E de inovação e transformação o empreendedorismo brasileiro entende. É essencialmente nos micro e pequenos negócios, por meio da economia criativa, que emerge a consciência ambiental e social de que o país e o mundo inteiro precisam para ter qualidade de vida e legar às próximas gerações algo além de um planeta destruído.

Com um mercado que move 3% do PIB, de acordo com dados mais recentes do Observatório Nacional da Indústria (ONI), lançados em 2023, a economia criativa deve alcançar 8,4 milhões de empregos em 2030, um aumento de 13,5% em comparação a 2022, quando se tinha 7,4 milhões de empregados no setor. "Sabemos que a economia criativa é um setor que engloba várias atividades, desde que estejam inseridos o talento, a criatividade e o capital intelectual das pessoas que trabalham com isso.
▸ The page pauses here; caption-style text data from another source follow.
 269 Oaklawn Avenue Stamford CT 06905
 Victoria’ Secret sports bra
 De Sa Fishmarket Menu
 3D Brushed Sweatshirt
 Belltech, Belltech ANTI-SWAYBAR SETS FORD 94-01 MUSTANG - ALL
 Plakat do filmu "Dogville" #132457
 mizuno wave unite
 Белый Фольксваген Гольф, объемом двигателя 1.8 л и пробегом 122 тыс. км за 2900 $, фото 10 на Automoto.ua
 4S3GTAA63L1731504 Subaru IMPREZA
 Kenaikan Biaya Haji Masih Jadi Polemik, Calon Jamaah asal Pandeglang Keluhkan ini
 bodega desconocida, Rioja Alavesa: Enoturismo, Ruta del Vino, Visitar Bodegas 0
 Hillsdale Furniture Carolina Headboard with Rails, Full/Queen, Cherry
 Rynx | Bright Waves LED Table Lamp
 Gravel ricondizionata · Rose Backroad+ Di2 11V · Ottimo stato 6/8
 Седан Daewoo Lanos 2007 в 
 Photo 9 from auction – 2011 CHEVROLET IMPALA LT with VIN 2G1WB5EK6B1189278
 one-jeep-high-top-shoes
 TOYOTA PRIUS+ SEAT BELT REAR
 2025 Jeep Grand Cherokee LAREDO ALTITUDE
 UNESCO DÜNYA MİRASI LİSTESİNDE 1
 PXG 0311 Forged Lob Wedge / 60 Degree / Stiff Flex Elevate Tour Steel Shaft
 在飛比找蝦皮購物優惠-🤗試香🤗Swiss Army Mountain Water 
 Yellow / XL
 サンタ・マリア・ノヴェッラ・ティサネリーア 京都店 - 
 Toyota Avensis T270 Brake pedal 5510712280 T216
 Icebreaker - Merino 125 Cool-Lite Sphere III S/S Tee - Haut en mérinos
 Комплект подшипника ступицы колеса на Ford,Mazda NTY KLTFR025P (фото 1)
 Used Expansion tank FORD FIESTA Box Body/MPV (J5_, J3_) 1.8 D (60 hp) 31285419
São pessoas que transformam o criativo em produtos, serviços e negócios, gerando valor econômico e cultural", afirma Denise Marques, coordenadora nacional de Economia Criativa no Sebrae.

Ela acrescenta que se trata de um segmento muito transversal, englobando negócios nas áreas da música, audiovisual, moda, design, artes visuais, artesanato, publicidade, arquitetura, games e gastronomia. "E, de certa maneira, até essas novas profissões que estão surgindo — como influencer — podem se encaixar como um criativo", ressalta. Denise destaca ainda o baixo investimento inicial necessário na maioria das vezes, tornando-o um terreno de oportunidades para os micro e pequenos empresários. "Além disso, promove inovação, valoriza as identidades culturais locais e estimula cadeias produtivas sustentáveis e colaborativas", ressalta (leia Três perguntas para).

Ninguém fica para trás

As empresas do setor emergem com maior consciência sobre a importância da inclusão, valorizando o trabalho de mulheres e de jovens, preocupadas com o meio ambiente e com a redução das pegadas de carbono e, por isso, alinhadas aos Objetivos do Desenvolvimento Sustentável (ODS) definidos pela ONU, contribuindo para uma maior diversificação e competitividade da economia. Não à toa, seu impacto no comércio global também tem sido significativo e é um dos que mais cresce no mundo.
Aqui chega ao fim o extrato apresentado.